Holiday for less: 21 ways to bag a cheaper time away
Strategies abound for bagging a cheaper time away – without an awful lot of effort
“If your holiday takes you to a big city in Europe, research the public transport options. They will almost certainly be better than anything you are used to in Ireland.” Photograph: Getty Images
Airport bag check in
The cost of checking in bags can be savage. If you are travelling to Spain, Italy or Greece with Aer Lingus this summer and check in a 15kg bag on both legs of the flight you will pay €70. If you are travelling to Europe’s furthest reaches you will pay €100. That means that a family of four who check in just one 15kg bag each going to Lanzarote will now spend €400 on top of the cost of the flights. Depending on the route and the date of flying, checking in bags with Ryanair costs between €10 and €40, so that will also be pretty pricey. The trick is to pack less to avoid the charges altogether. A family of four can easily go to a sun spot for a fortnight with just carry-on bags only. How? Lay out everything you think you need on your bed and then pack half of it. Roll your clothes to save space and prevent wrinkles. Buy sun screen, toiletries and towels overseas. It can easily be done: Pricewatch knows because it has done it.
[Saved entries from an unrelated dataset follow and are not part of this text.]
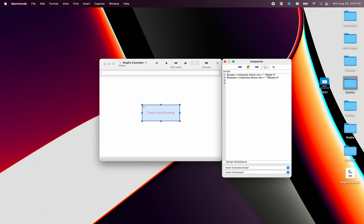I'm going to create my total by going count made plus count missed because I didn't count anything up here. So now I've got my total. Now if I want to show, let's just go shooting percentage, well we'll do the whole shebang.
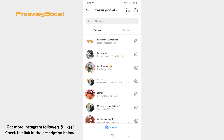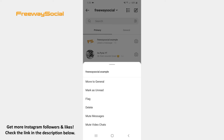Once the Direct Messages section opens, tap and hold the conversation which you would like to hide. After that, choose the Move to General option from the menu that appears on the screen.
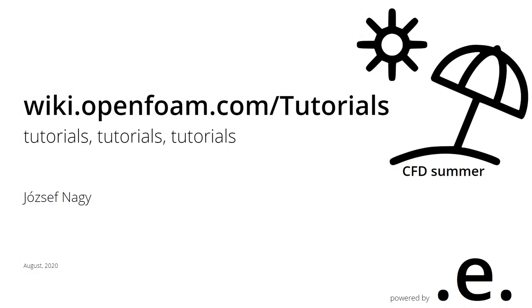Hello everyone, this is Jozef Nagy here and welcome to the first video of my CFD summer series in 2020. In this video, I would like to talk a little bit about wiki.openfoam.com/tutorials.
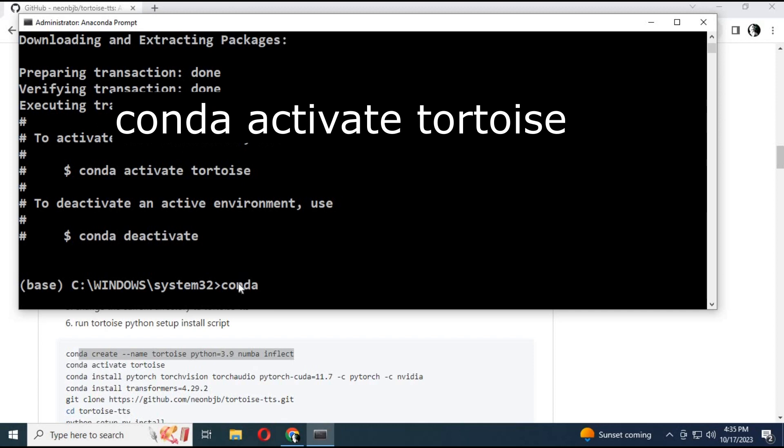Activate the environment using the activation code. Always remember the activation code so you can run it again.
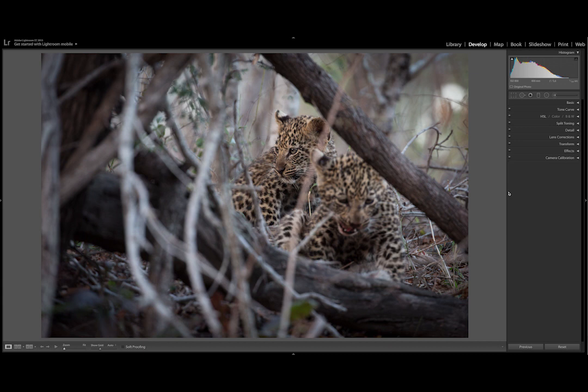In this first series, I'll be showing you how to access the radial filter, as well as how to draw your eye towards your subject when you have a distracting foreground.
A big mistake many of us make when looking for holidays is to limit our searches to Irish-based airlines and Irish airports. And if we are flying long-haul we tend to confine our airports of departure to Ireland and the UK. This is a mistake. Amsterdam, Frankfurt and Helsinki can offer great value. There are several specialised search engines dedicated to finding the cheapest flights. The biggest player is Google and its dedicated flight search allows you to search for a destination and a date to find out when and with which airline it is cheapest to fly. Other options are skyscanner.net and momondo.com. The former lets you filter search results so you can search just one airline flying to one destination at one time, or search for “anywhere in Italy” or “anywhere in southeast Asia” for less than a certain price point.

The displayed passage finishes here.